The phrasing that doesn’t sound hostile
Tone matters here. The same bullet can read as “I trust you” or “I expect to sue you” depending on word choice.
Try framing the section with one sentence at the top:
The pricing and timeline below assume the following. If any of these change, we’ll adjust the scope, price, or timeline before doing extra work.
Then list the bullets in neutral language. “Client provides” instead of “Client must provide.” “Within 3 business days” instead of “Failure to respond within 3 business days will result in.” You’re describing a working arrangement, not threatening litigation.
Where the section sits
Order in the proposal matters more than people think. The flow that works:
- Cover note / context
- Goals or outcomes
- Scope and deliverables
- Assumptions
- Timeline
- Pricing
- Payment terms
- Acceptance
Assumptions sit between scope and price because the price is a direct function of the assumptions. Client reads what they’re getting, then the conditions, then the number. The number makes sense in that order.

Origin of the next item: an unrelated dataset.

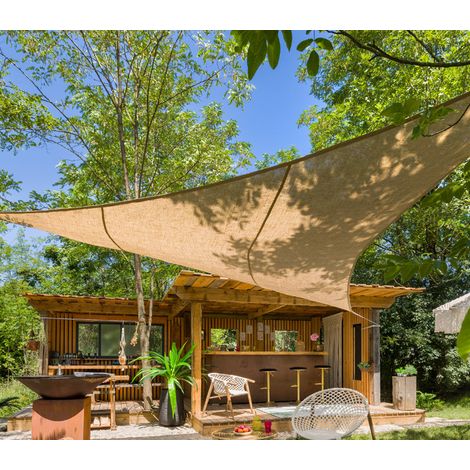 Voile d'ombrage triangulaire 3m en jute naturel 300g/m² – Perméable à l'air – Installation facile avec ceinture de renfort – Jardiline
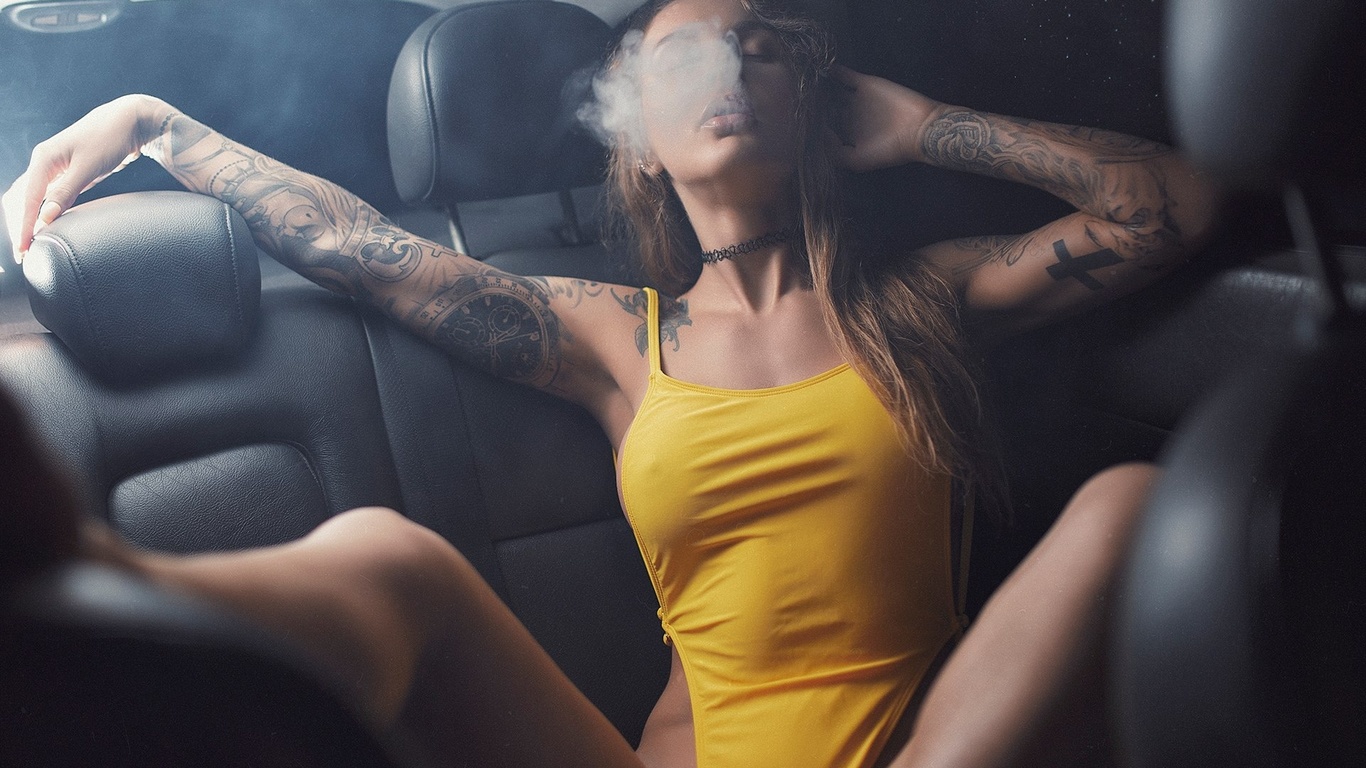 women, sitting, monokinis, tattoo, smoke, women with cars, armpits, closed eyes, choker, tanned, spread legs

If your tool puts pricing first by default, change the template. People glaze past anything after the dollar figure.
Assumptions vs exclusions vs scope
These get conflated. A clean separation:
- Scope: what you will deliver. Specific outputs.
- Assumptions: the conditions under which the scope and price hold.
- Exclusions: what is explicitly not included.
Example for a small website project:
- Scope: 5-page Webflow site, custom design, basic on-page SEO setup, launch support.
- Assumptions: copy provided by client, brand assets exist, one stakeholder approves, 2 revision rounds per page.
- Exclusions: copywriting, photography, ongoing maintenance, paid ad setup, email marketing integration.
Three short sections. Maybe 250 words total. They prevent thousands of dollars of scope-creep arguments.
What to do when an assumption breaks
It will happen. Plan the response in advance so you’re not improvising mid-deadline.
The script:
Hey [client], quick heads up. The proposal assumed [assumption X] but it looks like [what changed]. That puts us outside the original scope. Two options:
- We keep the original scope and you handle [the missing piece]
- I add a change order for [hours/cost] and we move the deadline by [X days]
Either works. Let me know by [date] so we don’t lose time.
Send it the day you notice. Not in week 3 of resentment. The assumptions section gave you the right to have this conversation, and the change order is how you act on it.
What not to put in the assumptions section
A few things belong elsewhere or nowhere:
- Payment terms, those go in their own section
- Liability caps and IP, those belong in the services agreement
- Vague threats (“Late feedback may incur penalties”), be specific or skip it
- Anything the client cannot actually verify or commit to at signature time
If you find yourself writing an assumption that’s really a hidden price, pull it into the pricing section as a line item instead.
The 5-minute audit for your current template
Open your most recent proposal. Run this check:
- Is there a section titled “Assumptions” or similar?
- Does it have 5 to 10 bullets in plain language?
- Does it sit before the price?
- Does it cover content, revisions, response time, and stakeholders?
- Does it include a sentence allowing scope/price adjustment if assumptions change?
If you missed three or more, the next proposal you send is leaking money. An assumptions section is one of the few template additions that pays for itself the first time it gets used.